■ **The problem**:
Beginning with the line that contains "la playa Chalet" and ending with the last line of the records, write out each line exactly and omit the pictures.

[Short descriptive text snippets]
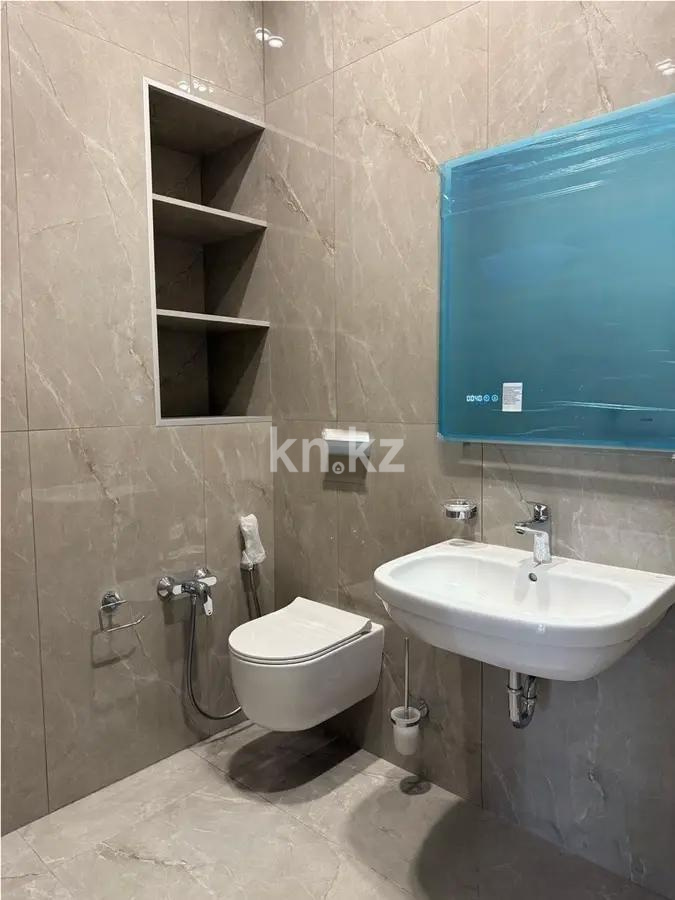 Продажа 4-комнатной квартиры, 156 м², ул. Салыкова, дом  40 в Алматы - фото 2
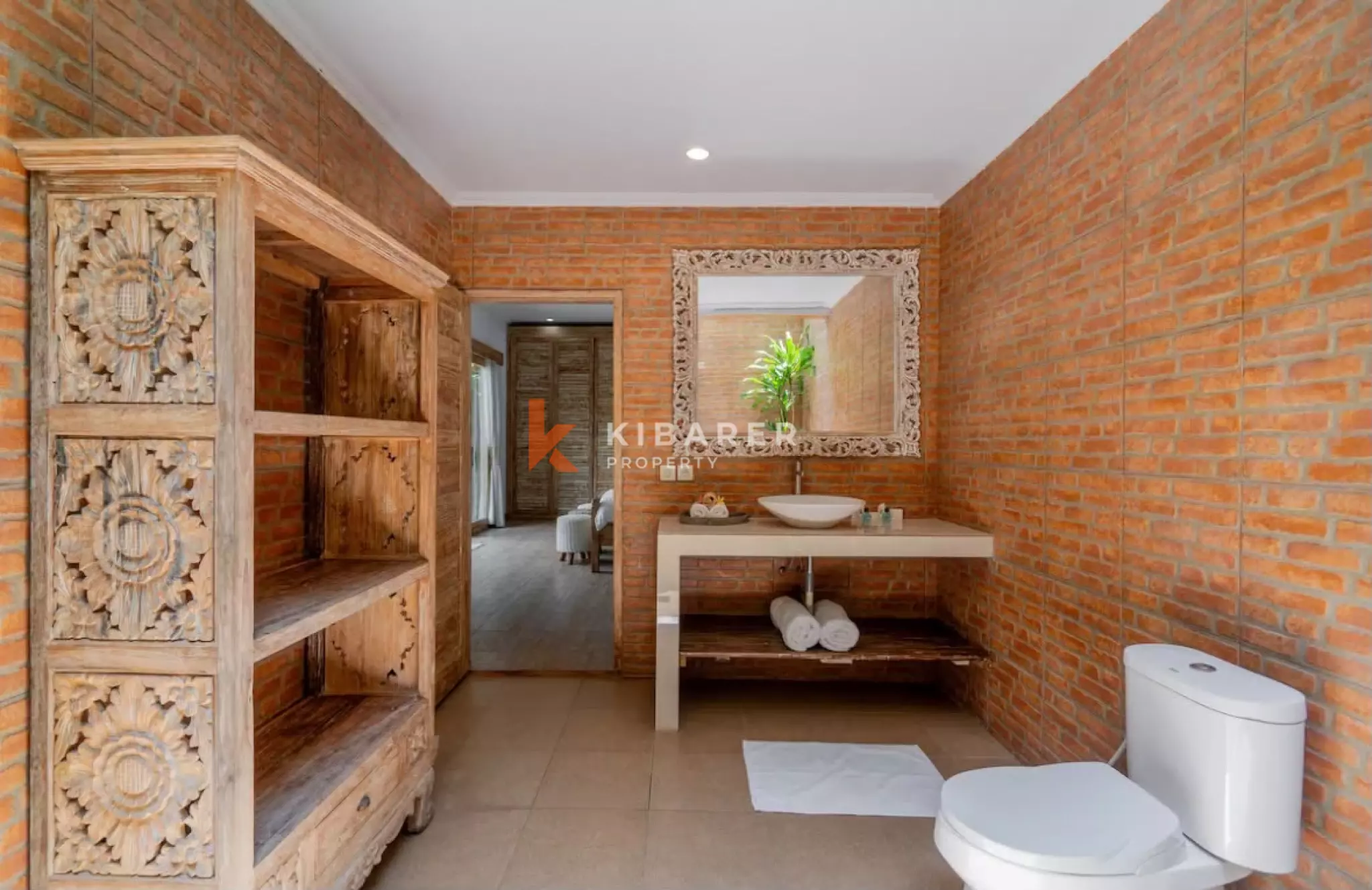 Spacious Tropical Three Bedroom Villa Near Jimbaran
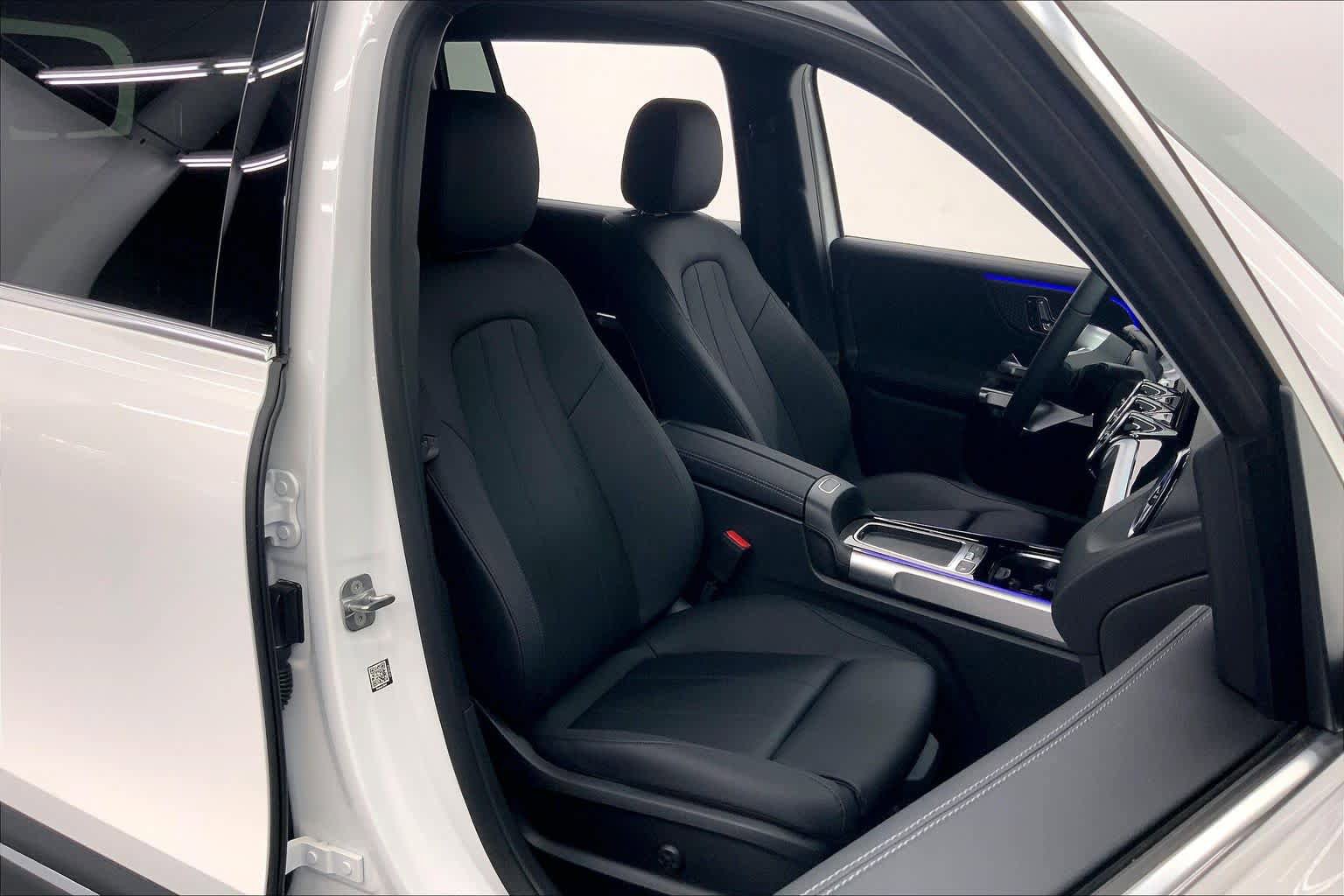New 2026 Mercedes-Benz GLB 250 image 3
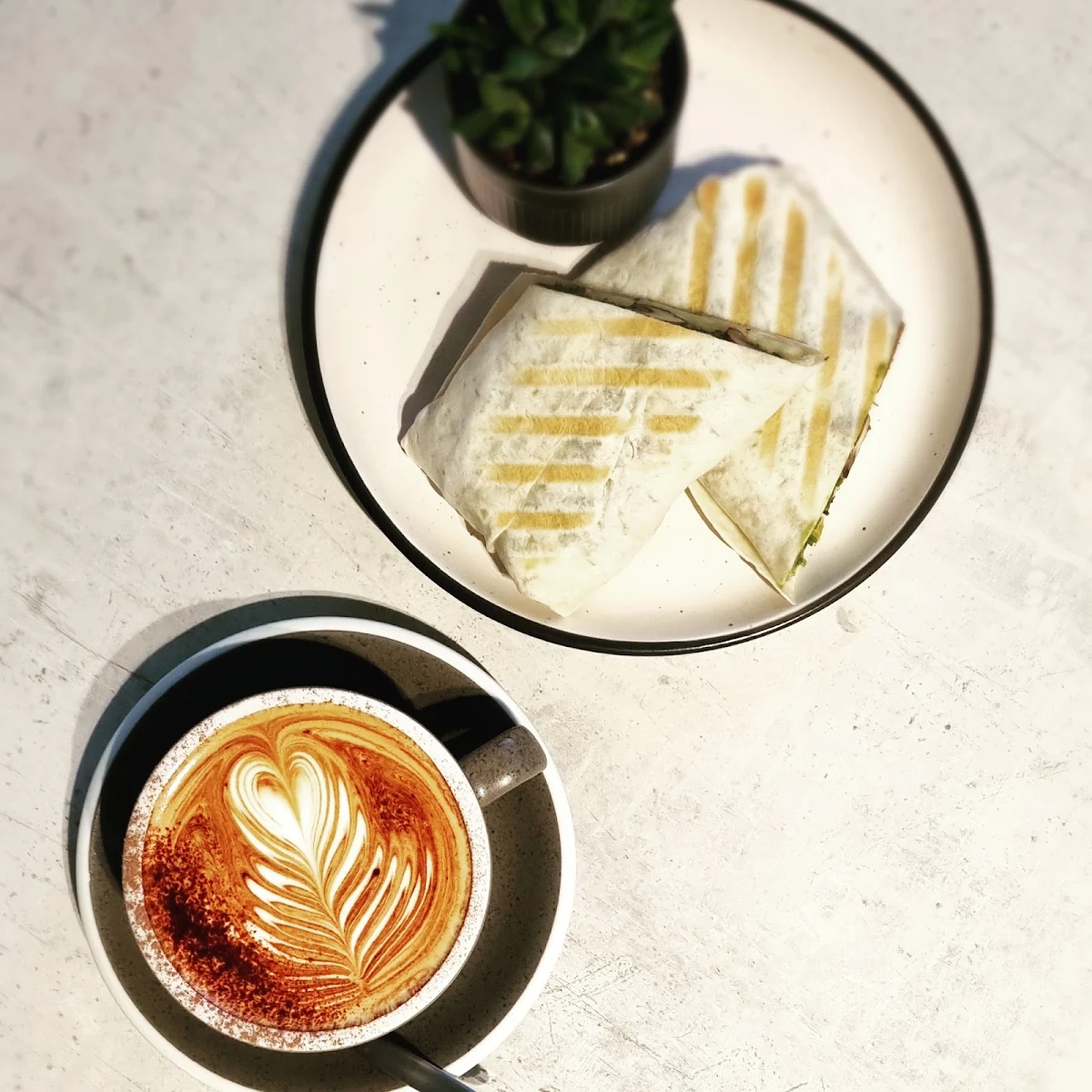 Highlights, Thimble Cafe
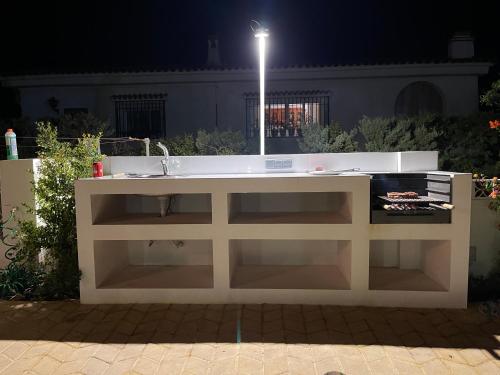 Chalet en primera línea de una planta con piscina privada y acceso directo a la playa Chalet en primera línea de una planta con piscina privada y acceso directo a la playa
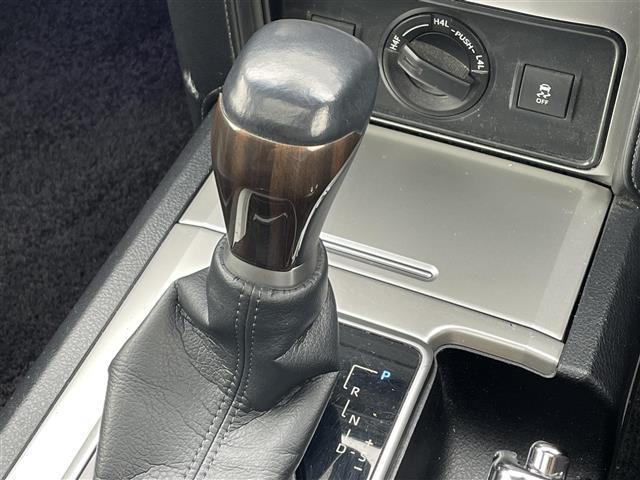 ランドクルーザープラド ＴＸ　Ｌパッケージ　純正ナビ　ＢＴ　サンルーフ　モデリスタ　ガナドールマフラー　衝突軽減　レーンキープ　追従クルコン　全方位　ＢＳＭ　Ａｕｔｏハイビーム　レザーシート　シートヒーター　ベンチレーション　パワーシート（19枚目）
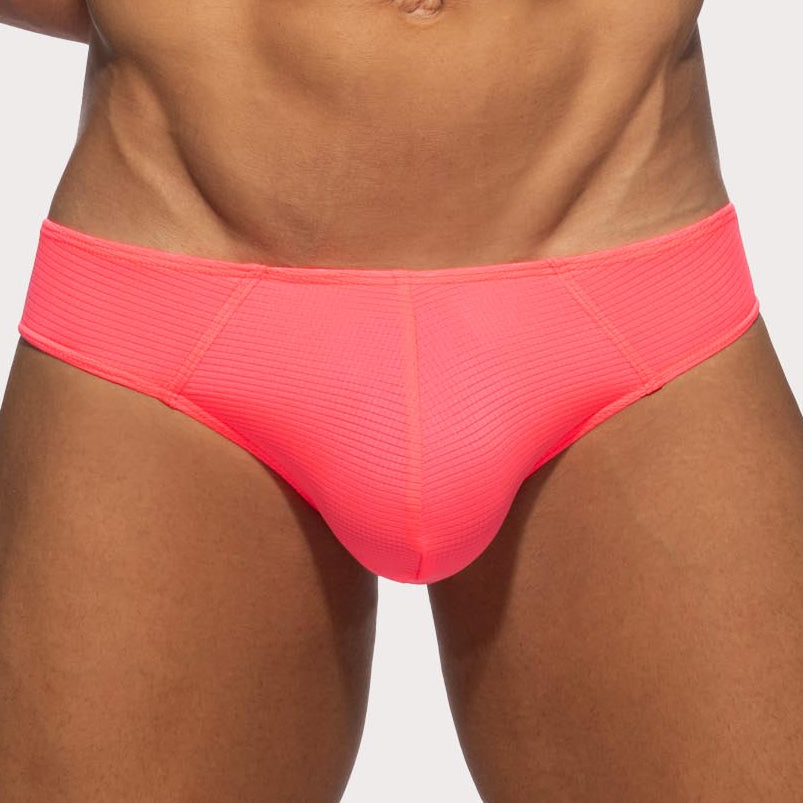 Addicted Veloz Dry Bikini Brief - Knapper Männer Slip im Low-Rise Design aus ultra-leichtem Material in neon-pink, front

■ **Solved exercise**:
 Chalet en primera línea de una planta con piscina privada y acceso directo a la playa Chalet en primera línea de una planta con piscina privada y acceso directo a la playa
 ランドクルーザープラド ＴＸ　Ｌパッケージ　純正ナビ　ＢＴ　サンルーフ　モデリスタ　ガナドールマフラー　衝突軽減　レーンキープ　追従クルコン　全方位　ＢＳＭ　Ａｕｔｏハイビーム　レザーシート　シートヒーター　ベンチレーション　パワーシート（19枚目）
 Addicted Veloz Dry Bikini Brief - Knapper Männer Slip im Low-Rise Design aus ultra-leichtem Material in neon-pink, front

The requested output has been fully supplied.